Experts reckon the losses are much higher and are apprehensive about loans given to dealerships turning into non-performing assets for banks. Dealers in India are surviving on margins ranging between 2.5% and 5%, compared with 8-12% globally.
Here’s what’s hurting the dealers: doubling of rentals and employee costs in the major cities, falling margins from insurance and finance companies and a liquidity crunch after the introduction of the goods and services tax. Also in the mix: an expanding network of dealerships even as car and two-wheeler makers failed to meet lofty sales targets.
Ashish Kale, president of the Federation of Automobile Dealers Associations, cited financial crunch or mismanagement and a proliferation of dealerships in the cities in a slowing market for the unviability of retailing.
“The pace at which the dealerships are closing has never been seen before. While goods and services tax had an impact on the working capital, the higher inventory cost, coupled with tight liquidity has added to our woes,” said Kale.
Growth Not as Predicted
Before GST came into force in July 2017, dealers had a couple of months as breathing space to pay sales tax and VAT on cars. Under the GST regime, they have to pay tax upfront and this has affected their working capital.
Passenger vehicle sales are estimated to have declined by over 10% in April after growing at 8% in FY18 and 2.5% in FY19.
One in every two dealers in a major metro and in the urban or top 20-30 markets has been suffering losses in recent years. While dealers in the hinterland are better off, falling sales growth is prolonging their return on investment period.

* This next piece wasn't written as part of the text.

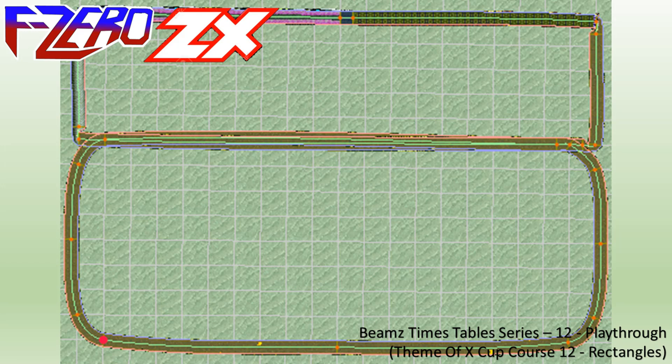Solve these math problems by selecting the correct answer on the beams. We'll be working on our 12 times table. Are you ready? Here's the first one.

In 2017-2018, Nissan Motor Co and Hyundai Motor India had the most number of dealers shutting shop, at 38 and 23, respectively. Maruti Suzuki, Tata Motors, Mahindra & Mahindra and Honda Cars India had about 9-12 dealers each winding up operations.
Maharashtra and Bihar had 56 and 26 shutdowns, respectively, while about 19 dealers stopped operations in Kerala and Rajasthan.

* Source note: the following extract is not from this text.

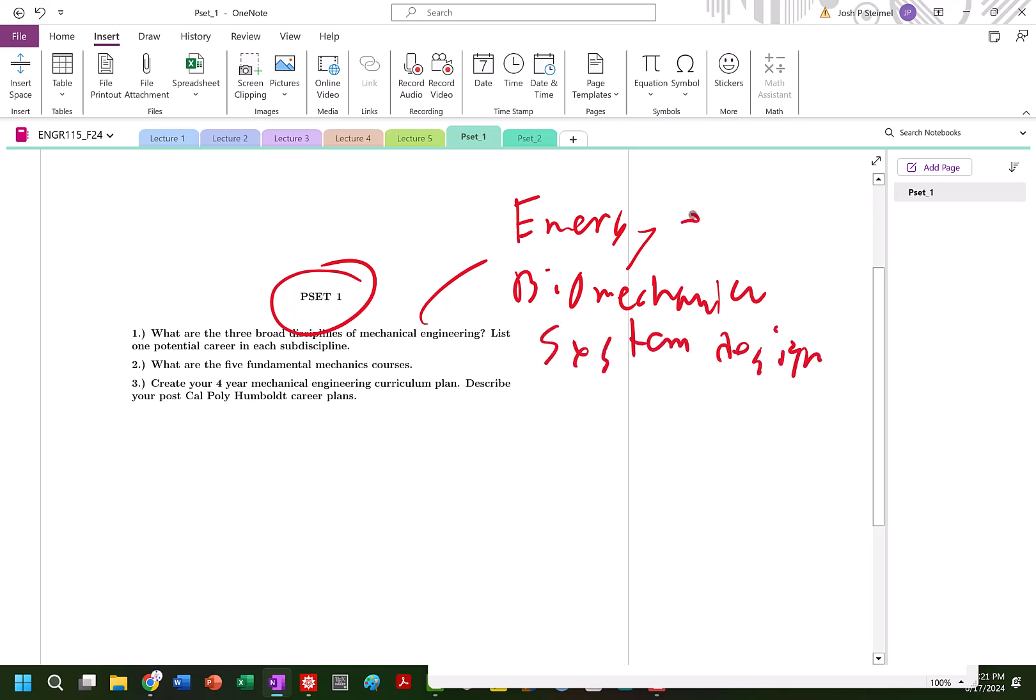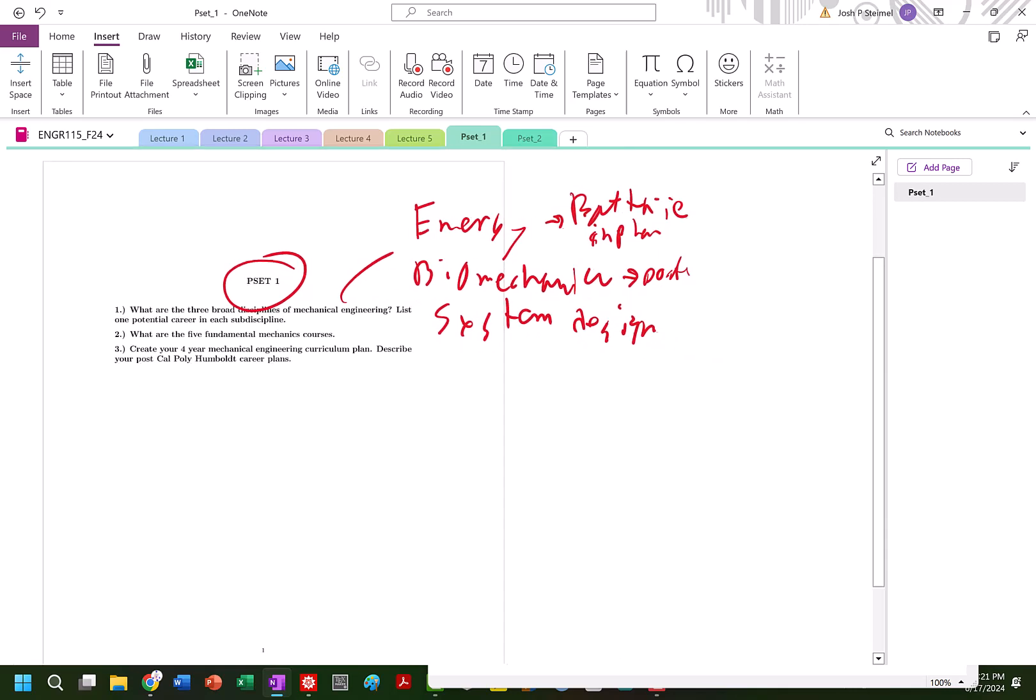And for a career, I want to do basically - I want to design batteries in phones. For biomechanical, I want to design prosthetic devices. And for system design, I'm going to do aerospace.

Experts said the biggest reason for dealerships struggling is the failure of the market to grow as predicted by vehicle makers. Against expectations of double-digit growth in cars and two-wheelers, passenger vehicle sales increased at a compounded annual growth rate of 4% between FY13 and FY18, while it was only 5% for twowheelers.
According to Amit Kaushik, MD at consultancy firm UrbanScience, the inability of automobile manufacturers to assess market potential and the appointment of excessive dealerships are the two major factors that have adversely affected the retailing side.
“Invariably, automotive companies have failed to read the demand environment and in a bid to attain unrealistic sales targets, companies have fallen into the trap of adding more dealers, which, instead of adding sales, cannibalised existing dealers,” said Kaushik.
Vehicle makers said the churn in automotive retailing is not uncommon. Many who enter the segment for the glamour quotient give up when they realise how tough it is to wade through the industry’s cyclicality.
The dealers, however, question the viability of introducing more dealers, especially in the major metros, when sales volumes are declining.
While the market has grown by 5-7%, vehicle makers have expanded the dealer network by 15-20%, adding to already-squeezed business potential of the existing dealers.
FADA president Kale said it’s time to implement the principle of capping the number of dealers in India, in line with the practice followed by international car makers, which add dealerships based on the prospective car market globally. Otherwise, he said, the number of dealers folding in India will only rise in the years ahead.
Vikas Jain, national sales head at Hyundai, agreed that dealerships are under pressure due to the slowing market and lower margins from finance and insurance but asserts that the business should evolve in line with the changing market and once the cycle revives, they will bounce back.
Jain said the automotive retailing itself is changing and so should the dealer partners. He said selling cars is no longer only an art and it’s time for dealers to consider the emerging science of data analytics and connectivity to get the best out of the market.
“Auto retail should not be viewed as just car sales or service. A customer should be able to get a bouquet of services like used cars and accessories along with sales and services, which eventually adds to the business of dealers,” said Jain.
According to industry experts, about 15,000 authorised dealer principals manage over 25,000 sales points across the country, of which only 30% are profitable. Even among the 30%, the earnings range from 1% to 2%.